Background & Motivation¶
Deep visual models form concept representations through hierarchical architectures—from low-level edges and textures to high-level objects and scenes. Understanding how these concepts are encoded within models is a core problem in explainable AI.
Limitations of existing methods:
Single-neuron analysis (NetDissect, CLIP-Dissect, etc.): Associates concepts with individual neurons, ignoring the distributed nature of representations—concepts are encoded collaboratively across multiple neurons and layers.
VCC (Visual Concept Connectome): Analyzes inter-layer connections using concept activation vectors (CAVs), but is misaligned with network structure and cannot precisely localize where concepts emerge.
ADVC (Rajaram et al.): Iteratively discovers circuits via gradient × activation cross-layer attribution, but constructs only a single unified circuit tied to class labels, lacking concept-level granularity.
- All existing methods do not support decomposing model responses into multiple concept-level circuits—distinct concepts (e.g., sky, flag, clock) are conflated within a single circuit.
Method¶
Overall Architecture¶
GCC aims to discover multiple fine-grained concept circuits for a given query, each corresponding to a specific concept related to that query.
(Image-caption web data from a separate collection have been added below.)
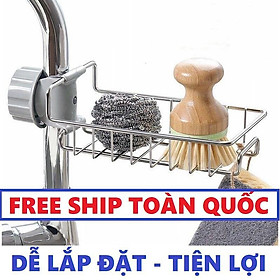 Kệ inox gắn vòi nước, treo bồn rửa chén bát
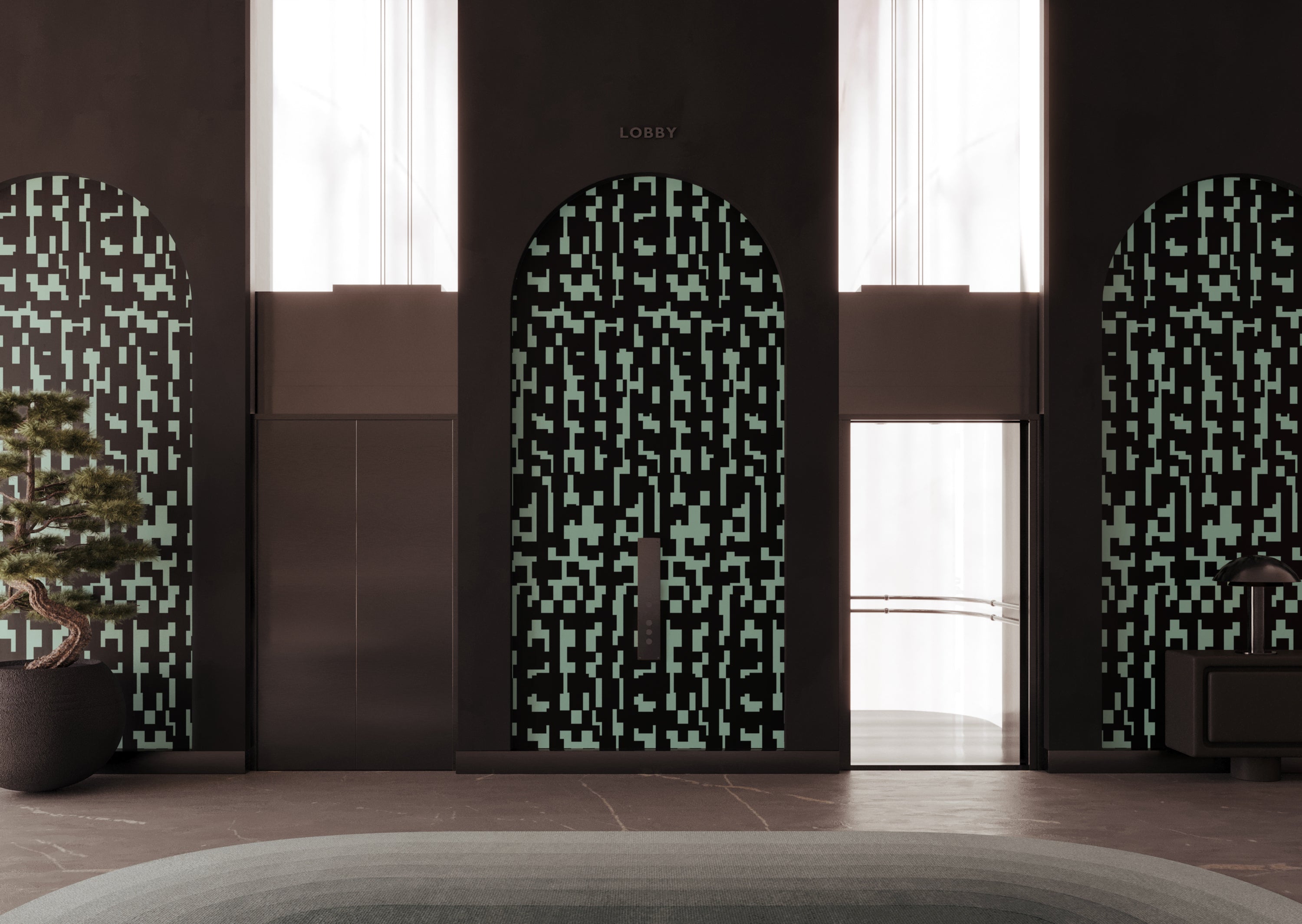 Mainframe© Wallpaper in Teal + Black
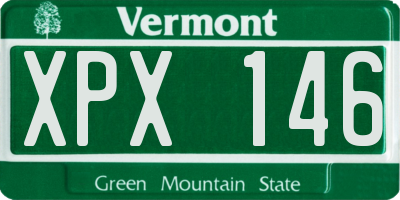 VT license plate XPX146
The pipeline proceeds as follows: (1) extract root nodes → (2) evaluate cross-layer connections → (3) iteratively trace until no further connections are found → (4) repeat for all root nodes to obtain a complete set of circuits.
Key Designs¶
- Neuron Sensitivity Score (\(S_{NS}\)): An intervention-based measure of functional dependency.
Connection strength is quantified by muting a source neuron and observing the resulting change in the target neuron's activation:
\(\tilde{S}_{NS,c} = \max(0, f^{l+1}(a_c^l) - f^{l+1}(\hat{a}_c^l))\) \(S_{NS} = \frac{\tilde{S}_{NS}}{\sum \tilde{S}_{NS}}\)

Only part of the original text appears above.